This is a Microphone Preamp (SSM2167) with Compression, a noise gate, and AGC. I disabled the noise gate. I was looking for a sensitive low-noise mic to do some outside recording of nature sounds and stuff. With the noise gate turned on, and as light as I can make it, I had to talk loud into it to even open the 'squelch'. The app notes call to use a maximum 5K resistor on the noise gate pin or it could cause problems. The problems manifested into loud pulses when it was quiet. There appeared to be some circuit bumping the AGC voltage to keep it over a certain voltage. During the 'bumping' the output voltage would take a negative swing. With a 1Meg resistor from +V to the AGC capacitor, these pulses disappeared. I used a potentiometer to find this value, and 1Meg is where the pulsing stopped. This worked on two chips, but it might be close to the edge. You might need a slightly smaller one, like 820K.

I built this on a piece of copper clad. The chip is glued down upside-down. This held the bugger still while I was soldering. Overall, the length of the clad is less than 1 inch. I build clad sides and a 'roof' soldering them all together in a copper box to minimize RF and other induced noise.

Total current drain with the electret element is under 3mA. With the noise gate enabled, when 'squelched' and quiet, the current actually went up an additional 1mA (only when squelched). I haven't put this on the recorder yet, but using a scope, it looks to have very low noise and high sensitivity! This might even 'hear' a fly a few feet away! This is exactly what I'm looking for.
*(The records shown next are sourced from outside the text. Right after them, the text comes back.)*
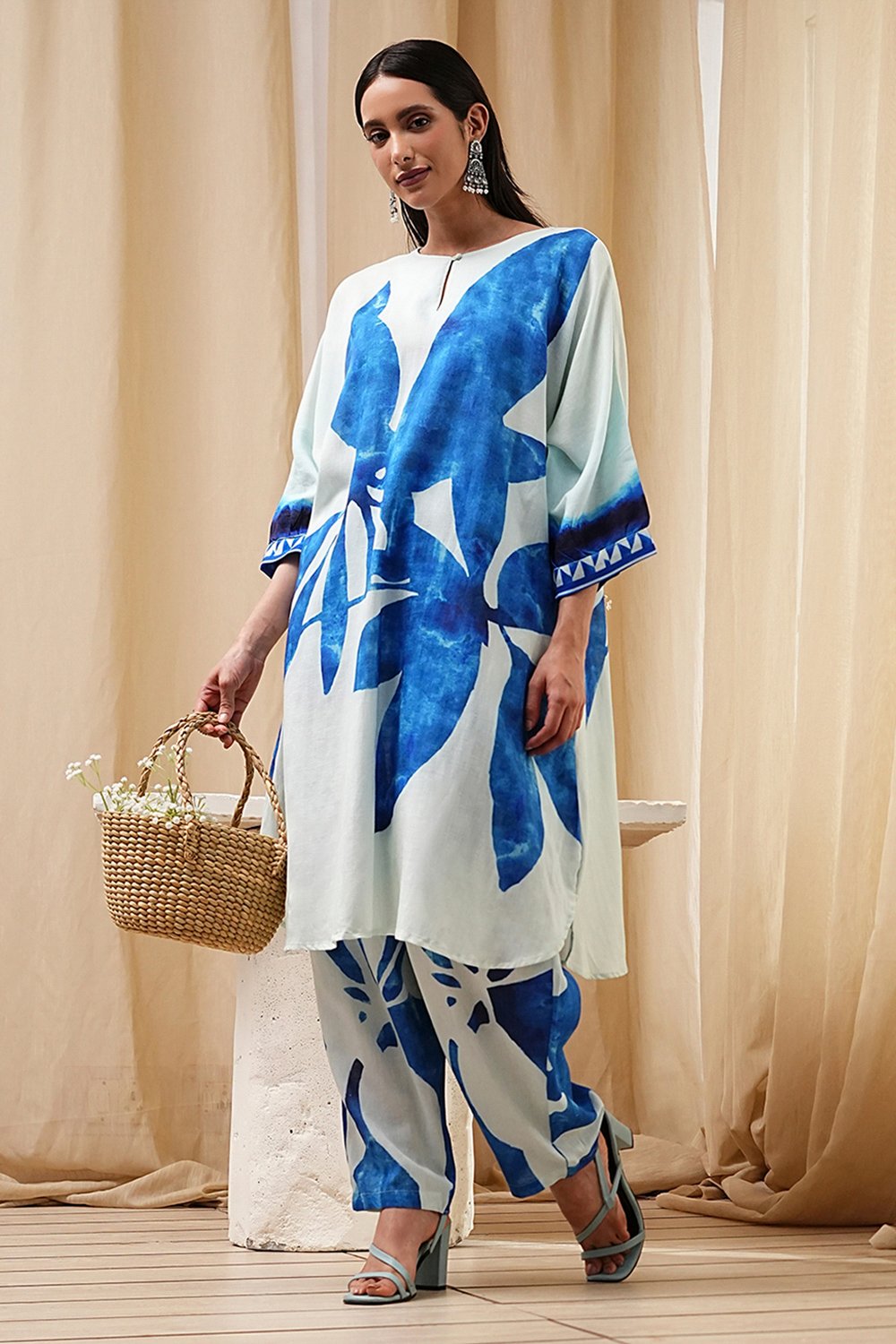Indigo Blue and White Straight Co-ord Set image number 2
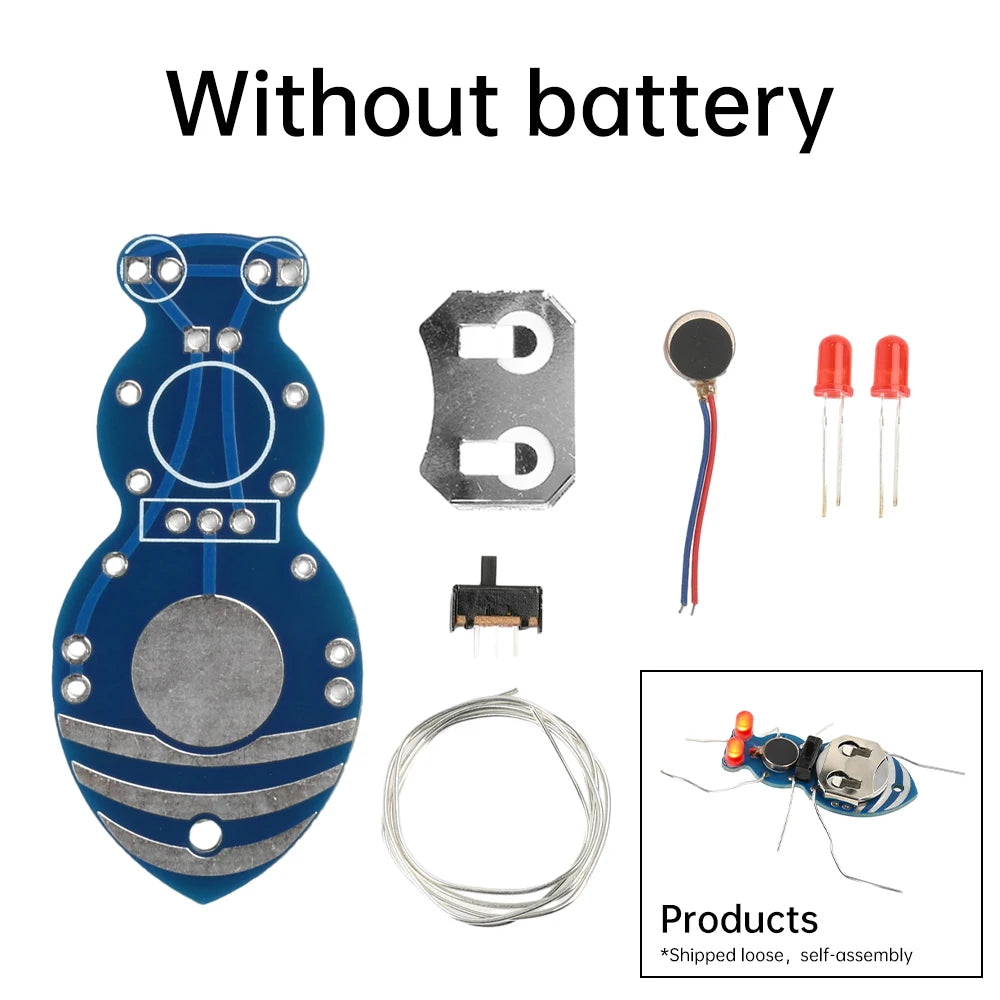 Insect Model Electronic DIY kit Beginners Exercise Welding PCB Built-in Vibration Motor Fun Creative Gifts for Electronic Sports Oasis Select without battery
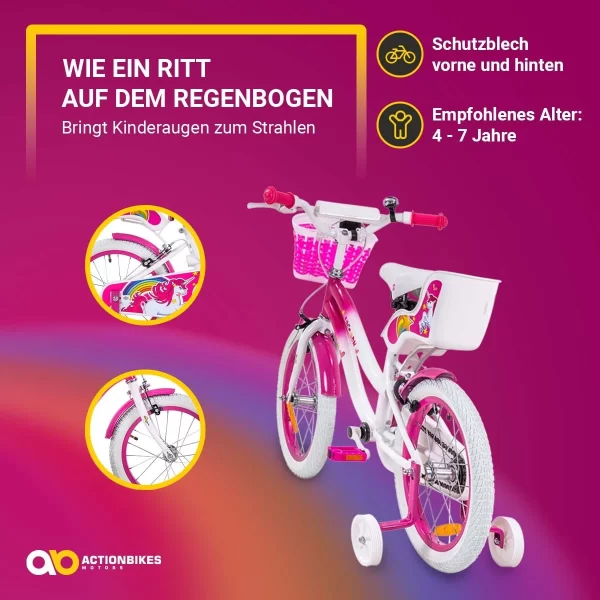 Actionbikes Motors Fahrrad Unicorn 16 Zoll In Pink/Weiß 6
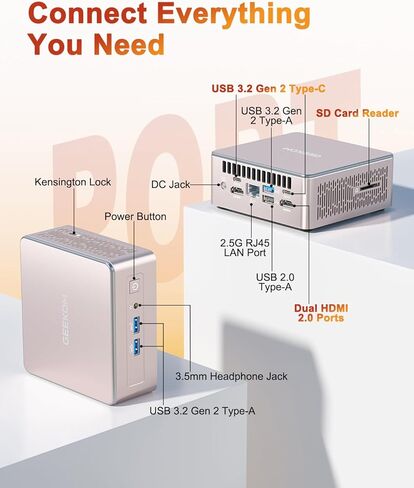 GEEKOM Mini PC GT12 Pro - الجيل الثاني عشر Intel i7-12650H NUC12 أجهزة كمبيوتر صغيرة (10 C/16T حتى 4.7 جيجا هرتز) 32 جيجا DDR4/1 تيرابايت PCIe Gen 4 SSD Windows 11 Pro يدعم Wi-Fi 6E/Bluetooth 5.2/USB 4.0/2.5G لان/8 كيلو in Kuwait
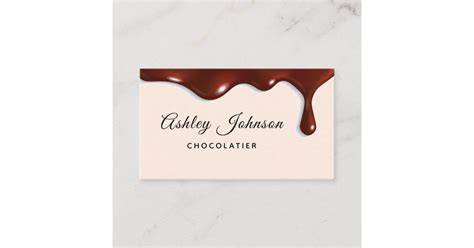 Chocolate Frosting Chocolatier Elegant Dessert Business Card Zazzle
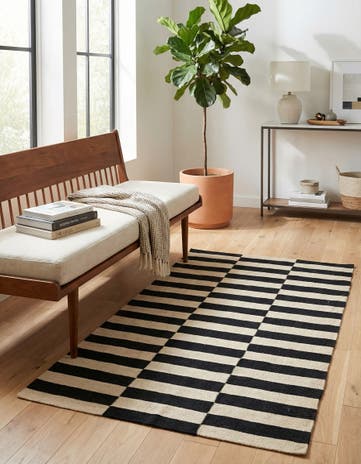 3' 4 x 4' 10 Hand Woven Kilim Modern Wool Rug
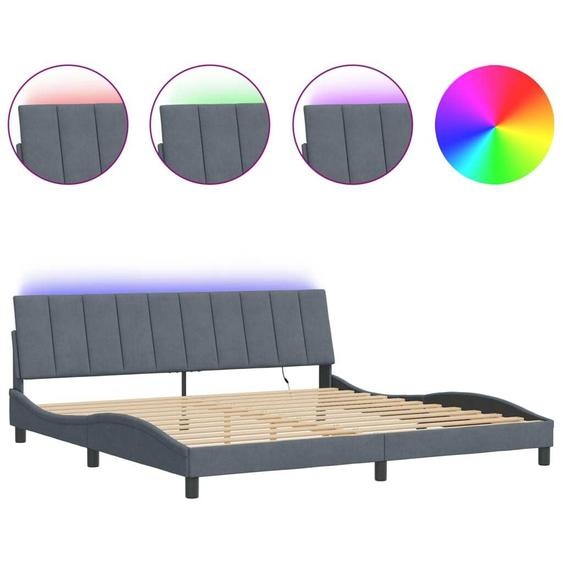 vidaXL Cadre de lit avec LED sans matelas Hanko gris foncé 200x200 cm velours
Here is a picture of the latest box to use the SSM2167:

This has input power filtering and regulation. I've removed the compression resistor which makes a harder AGC control and a bit more gain too! This box is crammed! You may need to zoom to see the 10 pin chip at the bottom..
I've been playing with a program called PCB123. I built another board with this chip with all SMD parts/1206 resistors and caps, and I built it tight, with my own pads, but it's not as small as what I have here. I could go with 0603 parts which will match the chip, but it's tough soldering.